◆ Exercise description ◆
Using the listing below, copy exactly the lines from the one containing "T-shirt Dobermans Aggressive" to the one containing "2000 73 Powerstroke", both lines included, and no others.
━━━━━ Data provided ━━━━━
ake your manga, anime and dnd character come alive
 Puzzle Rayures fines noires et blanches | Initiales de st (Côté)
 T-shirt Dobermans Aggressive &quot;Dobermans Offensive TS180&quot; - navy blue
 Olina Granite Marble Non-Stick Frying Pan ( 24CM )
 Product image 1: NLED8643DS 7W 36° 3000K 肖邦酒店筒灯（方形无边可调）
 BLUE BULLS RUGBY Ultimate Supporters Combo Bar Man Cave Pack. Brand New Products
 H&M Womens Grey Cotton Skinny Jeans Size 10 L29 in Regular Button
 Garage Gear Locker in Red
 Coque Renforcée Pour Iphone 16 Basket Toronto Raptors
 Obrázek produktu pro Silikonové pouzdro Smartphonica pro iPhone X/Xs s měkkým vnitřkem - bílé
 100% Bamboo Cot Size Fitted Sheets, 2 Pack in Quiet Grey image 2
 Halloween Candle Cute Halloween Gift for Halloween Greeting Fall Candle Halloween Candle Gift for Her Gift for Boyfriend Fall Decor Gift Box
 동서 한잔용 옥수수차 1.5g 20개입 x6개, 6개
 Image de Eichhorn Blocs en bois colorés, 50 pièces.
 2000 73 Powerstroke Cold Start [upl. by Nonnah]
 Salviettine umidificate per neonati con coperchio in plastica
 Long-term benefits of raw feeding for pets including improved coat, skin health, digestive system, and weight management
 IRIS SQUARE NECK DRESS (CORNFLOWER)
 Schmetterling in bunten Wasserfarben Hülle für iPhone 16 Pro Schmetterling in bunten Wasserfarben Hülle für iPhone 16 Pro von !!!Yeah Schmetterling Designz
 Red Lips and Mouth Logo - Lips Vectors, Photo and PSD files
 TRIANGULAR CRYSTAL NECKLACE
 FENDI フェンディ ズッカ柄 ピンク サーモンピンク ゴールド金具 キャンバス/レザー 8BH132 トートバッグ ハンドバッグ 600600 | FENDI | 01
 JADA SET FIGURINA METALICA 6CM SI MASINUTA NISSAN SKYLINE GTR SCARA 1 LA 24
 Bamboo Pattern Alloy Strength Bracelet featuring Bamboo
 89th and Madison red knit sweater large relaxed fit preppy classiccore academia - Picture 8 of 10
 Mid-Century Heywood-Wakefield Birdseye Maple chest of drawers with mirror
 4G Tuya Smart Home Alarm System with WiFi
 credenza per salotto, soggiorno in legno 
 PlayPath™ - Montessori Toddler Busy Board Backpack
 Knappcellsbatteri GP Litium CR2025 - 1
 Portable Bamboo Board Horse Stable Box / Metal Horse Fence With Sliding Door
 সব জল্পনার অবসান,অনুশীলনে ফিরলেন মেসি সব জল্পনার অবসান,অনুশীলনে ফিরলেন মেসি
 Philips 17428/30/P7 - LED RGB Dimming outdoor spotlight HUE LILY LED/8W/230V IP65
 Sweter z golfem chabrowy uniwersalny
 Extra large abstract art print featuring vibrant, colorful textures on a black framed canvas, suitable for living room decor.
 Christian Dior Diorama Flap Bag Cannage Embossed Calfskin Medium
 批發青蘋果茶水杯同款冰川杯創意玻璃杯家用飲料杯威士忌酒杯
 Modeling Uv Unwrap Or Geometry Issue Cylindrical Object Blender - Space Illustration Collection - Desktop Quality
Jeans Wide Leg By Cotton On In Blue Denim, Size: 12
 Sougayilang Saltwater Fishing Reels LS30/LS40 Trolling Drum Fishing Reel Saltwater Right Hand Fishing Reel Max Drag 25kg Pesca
━━━━━
◆ Solution ◆
 T-shirt Dobermans Aggressive &quot;Dobermans Offensive TS180&quot; - navy blue
 Olina Granite Marble Non-Stick Frying Pan ( 24CM )
 Product image 1: NLED8643DS 7W 36° 3000K 肖邦酒店筒灯（方形无边可调）
 BLUE BULLS RUGBY Ultimate Supporters Combo Bar Man Cave Pack. Brand New Products
 H&M Womens Grey Cotton Skinny Jeans Size 10 L29 in Regular Button
 Garage Gear Locker in Red
 Coque Renforcée Pour Iphone 16 Basket Toronto Raptors
 Obrázek produktu pro Silikonové pouzdro Smartphonica pro iPhone X/Xs s měkkým vnitřkem - bílé
 100% Bamboo Cot Size Fitted Sheets, 2 Pack in Quiet Grey image 2
 Halloween Candle Cute Halloween Gift for Halloween Greeting Fall Candle Halloween Candle Gift for Her Gift for Boyfriend Fall Decor Gift Box
 동서 한잔용 옥수수차 1.5g 20개입 x6개, 6개
 Image de Eichhorn Blocs en bois colorés, 50 pièces.
 2000 73 Powerstroke Cold Start [upl. by Nonnah]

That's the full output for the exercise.